─── Study material

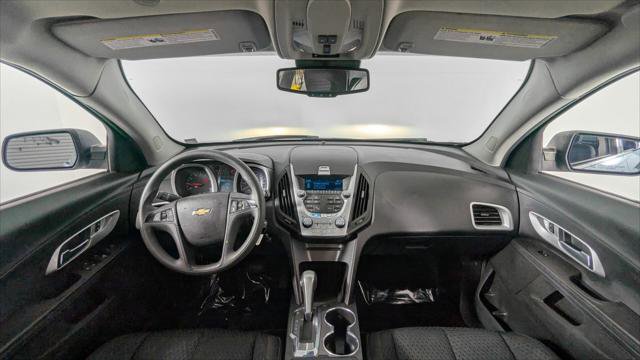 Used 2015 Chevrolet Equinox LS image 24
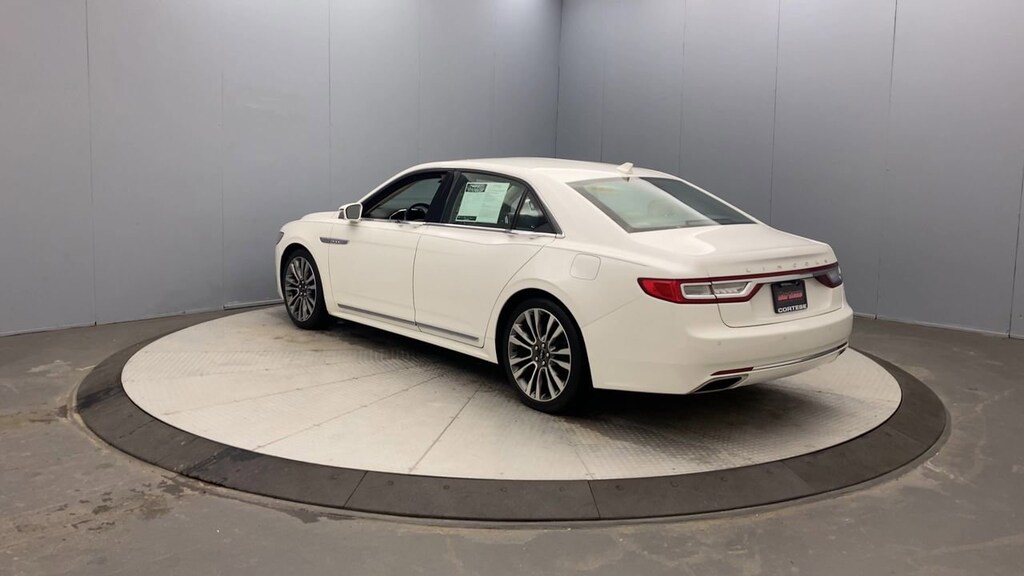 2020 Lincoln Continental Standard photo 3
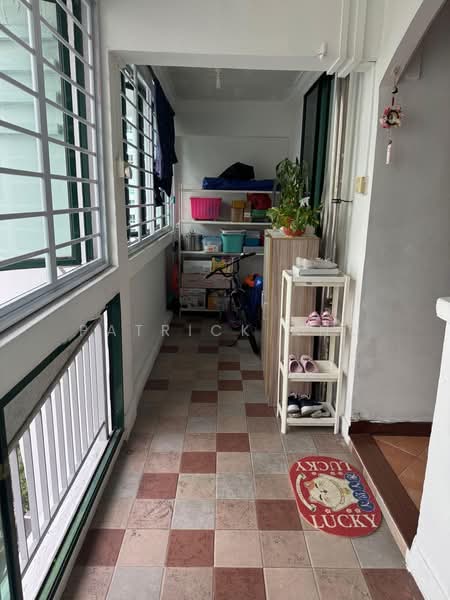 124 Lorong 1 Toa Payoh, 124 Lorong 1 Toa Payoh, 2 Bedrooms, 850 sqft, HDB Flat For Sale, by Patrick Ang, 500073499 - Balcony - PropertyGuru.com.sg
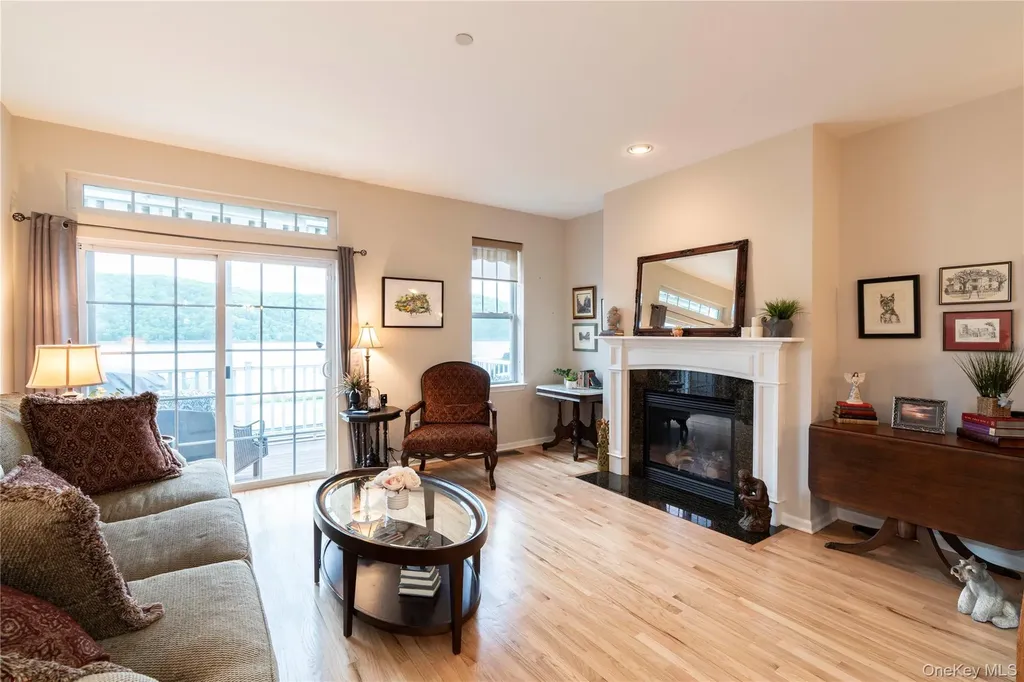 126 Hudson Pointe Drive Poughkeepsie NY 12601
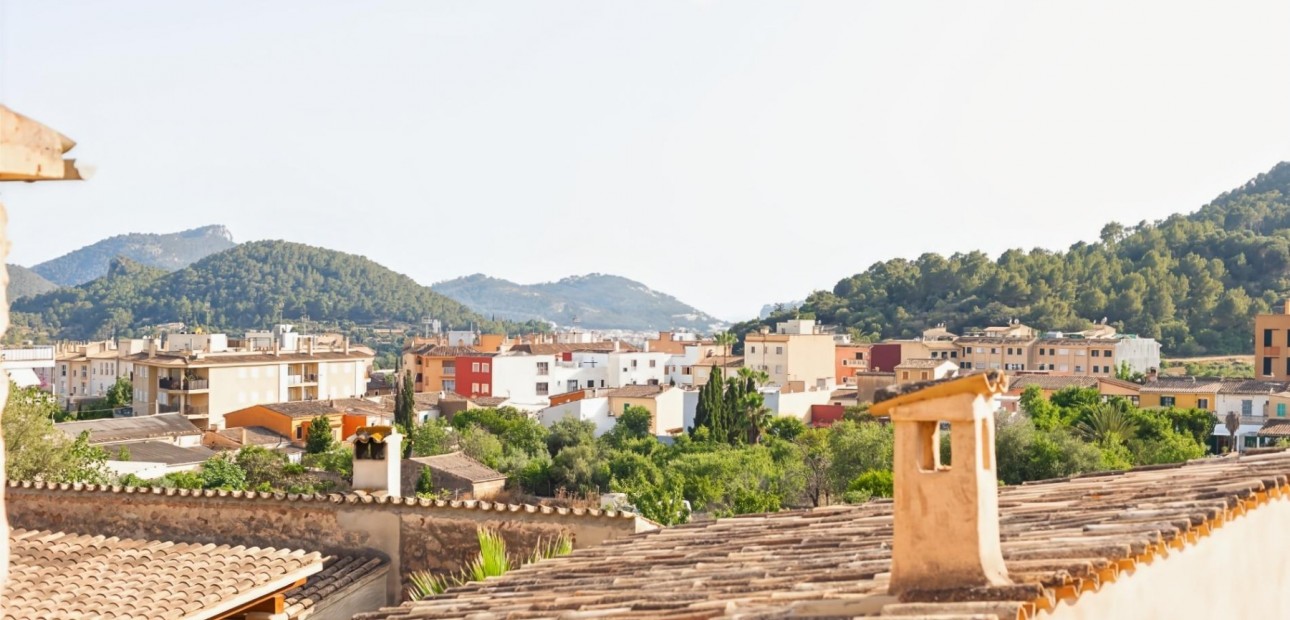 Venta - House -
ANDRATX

──────
─── Study material

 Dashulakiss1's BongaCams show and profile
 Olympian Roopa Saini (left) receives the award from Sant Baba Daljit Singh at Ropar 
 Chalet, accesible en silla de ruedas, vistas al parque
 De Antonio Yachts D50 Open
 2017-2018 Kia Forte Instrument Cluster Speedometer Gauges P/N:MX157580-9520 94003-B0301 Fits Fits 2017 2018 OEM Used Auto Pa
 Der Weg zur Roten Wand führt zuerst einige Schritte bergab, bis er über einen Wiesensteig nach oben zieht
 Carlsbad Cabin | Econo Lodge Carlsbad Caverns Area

──────

## Exercise
Taking the line with "2017-2018 Kia Forte" as the first and the line with "Carlsbad Cabin |" as the last, retype that stretch of the data above exactly, with no other lines.

## Result
 2017-2018 Kia Forte Instrument Cluster Speedometer Gauges P/N:MX157580-9520 94003-B0301 Fits Fits 2017 2018 OEM Used Auto Pa
 Der Weg zur Roten Wand führt zuerst einige Schritte bergab, bis er über einen Wiesensteig nach oben zieht
 Carlsbad Cabin | Econo Lodge Carlsbad Caverns Area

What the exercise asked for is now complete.